- The paper introduces a data-driven framework combining denoising diffusion probabilistic models with conformal prediction via the Learn Then Test procedure to achieve PAC guarantees.
- The paper demonstrates tight statistical and geometric coverage, ensuring low false negative rates and robust reachable set estimation in high-dimensional nonlinear systems.
- The paper validates the approach on systems ranging from the chaotic Duffing oscillator to an 8192-dimensional Gray–Scott PDE, outperforming traditional methods.
Data-Driven Reachability Analysis via Diffusion Models with PAC Guarantees
Introduction and Motivation
This paper introduces a data-driven framework for reachability analysis of nonlinear dynamical systems that dispenses with the need for explicit models. The methodology leverages denoising diffusion probabilistic models (DDPMs) to learn the distribution of system states purely from trajectory data, and calibrates statistical guarantees on reachable states using recent advances in conformal prediction via the Learn Then Test (LTT) procedure. By directly modeling the state distribution and avoiding a surrogate dynamics model, the framework circumvents coverage degradation due to model error and the intractability faced by polynomial and grid-based methods in high-dimensional spaces.
The approach yields PAC-type statistical coverage guarantees on the predicted reachable sets, quantified as bounds on the probability of excluding an actually reachable state at each time step.
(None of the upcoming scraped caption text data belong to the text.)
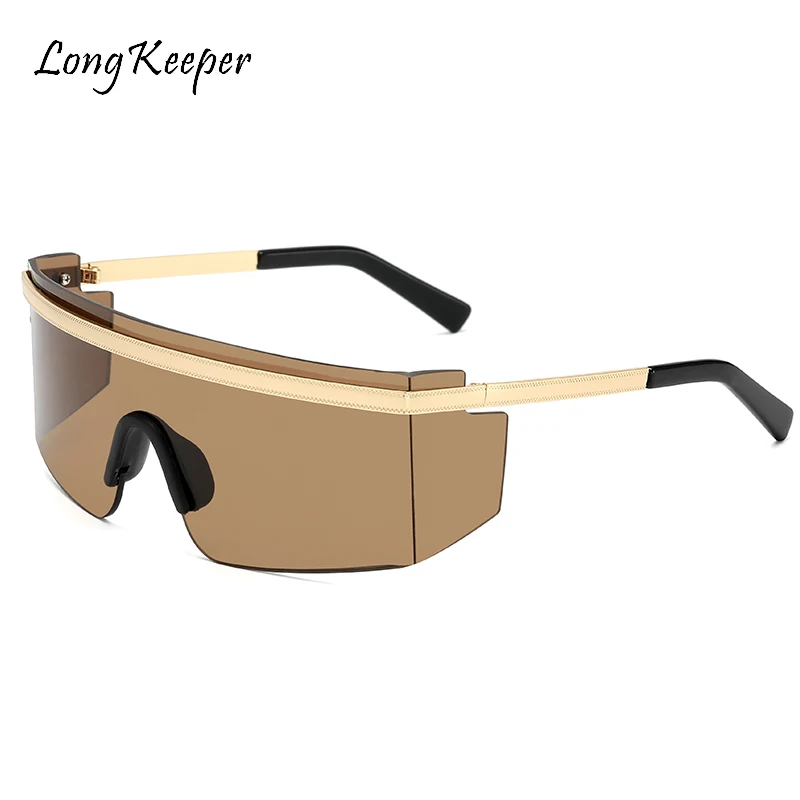

Oversize One Piece Sunglasses Women Men 2020 New Luxury Brand Vintage Square Sun Glasses Man Goggle Brown Shades Oculos UV400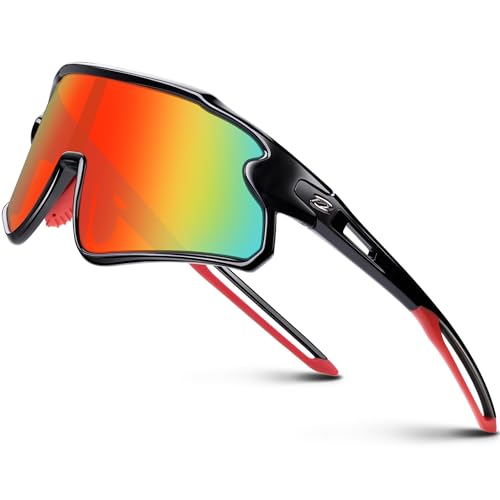 RIVBOS Jugend Baseball Sonnenbrille für Kinder (Jungen und Mädchen) Polarisierte UV-Schutz Radfahren Brille SchwarzRed Rahmen-Regenbogen Linse RYS007 von RIVBOS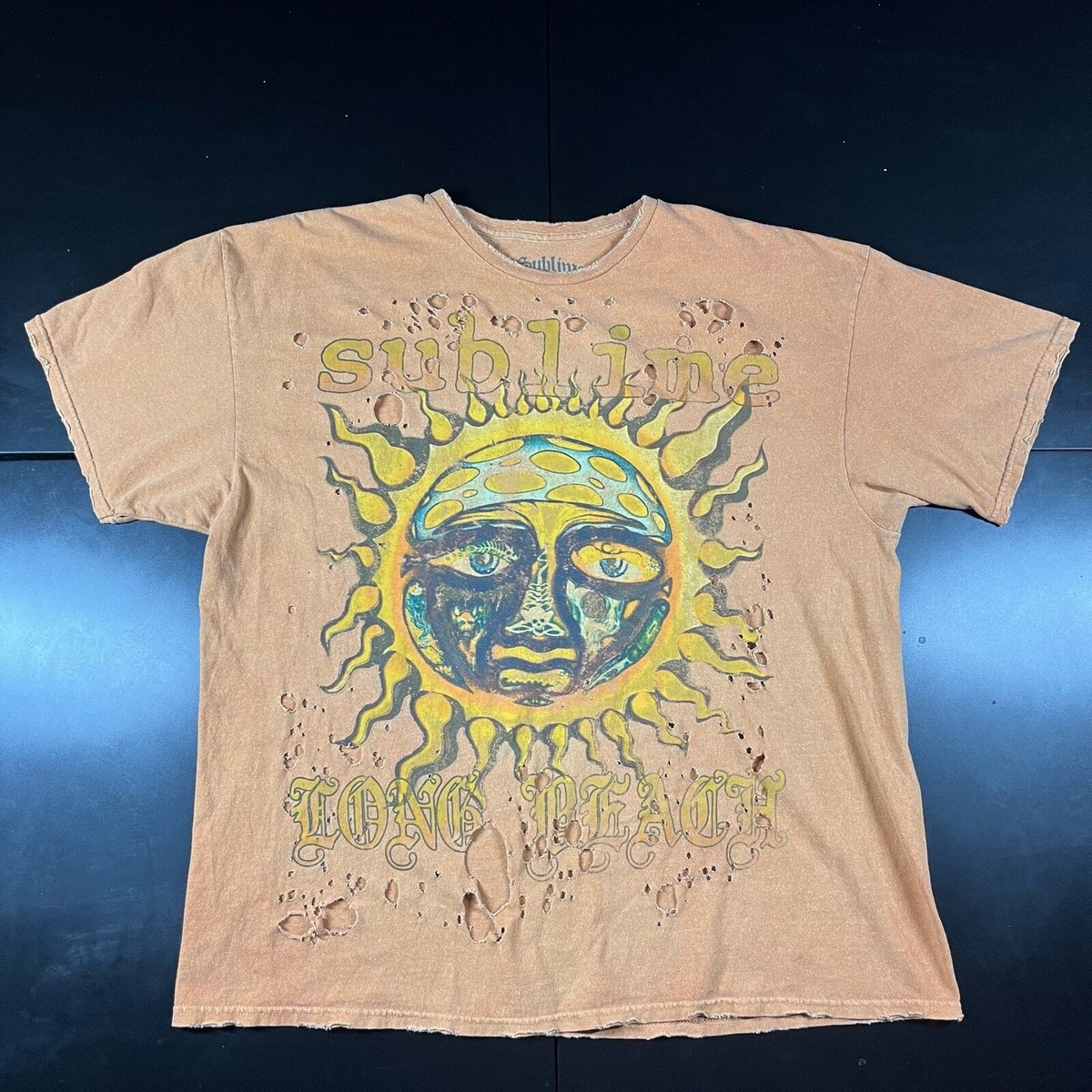 Sublime Long Beach Sun T Shirt One Size Distress Holes Orange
Additionally, the authors provide geometric volume bounds on the excluded set under mild assumptions, tightening for dissipative systems.
Methodological Framework
Pipeline and Theoretical Foundation
The core pipeline (Figure 1) consists of four phases: (1) collecting trajectory data from the unknown dynamical system, (2) training a time-conditional DDPM to denoise potentially corrupted state samples, (3) calibrating a nonconformity score threshold via LTT so that the predicted reachable set achieves the desired false negative rate within a prescribed PAC confidence, and (4) constructing the reachable set as the sublevel set of all states whose denoising error does not exceed this threshold.
Figure 1: Pipeline overview for the data-driven reachability analysis via diffusion models, from data collection to PAC-calibrated reachable set prediction.
The DDPM reconstructs the diffusion noise sequence added to samples, and the squared denoising error—summed over selected timesteps—serves as a nonconformity score. Through a detailed analysis (see Proposition: score-likelihood correspondence), the score is shown to approximate a negative evidence lower bound (ELBO) plus an explicit data-dependent quadratic term. This connection provides strong theoretical motivation: score sublevel sets robustly approximate density level sets of the induced state distribution, converging to Neyman-Pearson optimality under calibration.
The final step employs LTT to select a threshold that ensures the probability of missing a reachable state is tightly controlled across the time horizon, with a union bound providing a familywise PAC guarantee.
For each physical time step, the LTT method chooses a score threshold on held-out calibration data such that the empirical miss rate does not exceed the targeted risk level, with joint PAC guarantees across all steps. The Hoeffding–Bentkus hybrid p-value computation further tightens these thresholds relative to standard quantile- or Bonferroni-based conformal methods, thus improving precision and set tightness.
From Statistical to Geometric Guarantees
Under a uniform lower bound on the initial state distribution and mild regularity (diffeomorphicity) of the flow map, a geometric volume bound is given: the expected missed volume of the reachable set at any time step is upper bounded by the product of the coverage miss rate, the supremum of the flow Jacobian, and the reciprocal of the initial density lower bound. For systems with constant negative divergence, this volume bound shrinks exponentially in time due to Liouville’s formula.
Experimental Validation
The framework is validated on three canonical systems of varied complexity and dimension: the forced Duffing oscillator (2D, chaotic), a planar quadrotor (6D), and the Gray–Scott reaction-diffusion PDE (8192D).
Duffing Oscillator
The DDPM-based method exhibits significant advantages over normalizing flows and Christoffel-function polynomial sublevel sets for the Duffing oscillator. The DDPM achieves IoU of 0.887 and precision of 0.918, with observed false negative rate (FNR) 0.08% (well below the α=0.10% calibration), outperforming baselines which are limited either by mode collapse (normalizing flows) or polynomial degree truncation artifacts (Christoffel). The PAC geometric bound ensures the actual missed volume remains uniformly negligible across time.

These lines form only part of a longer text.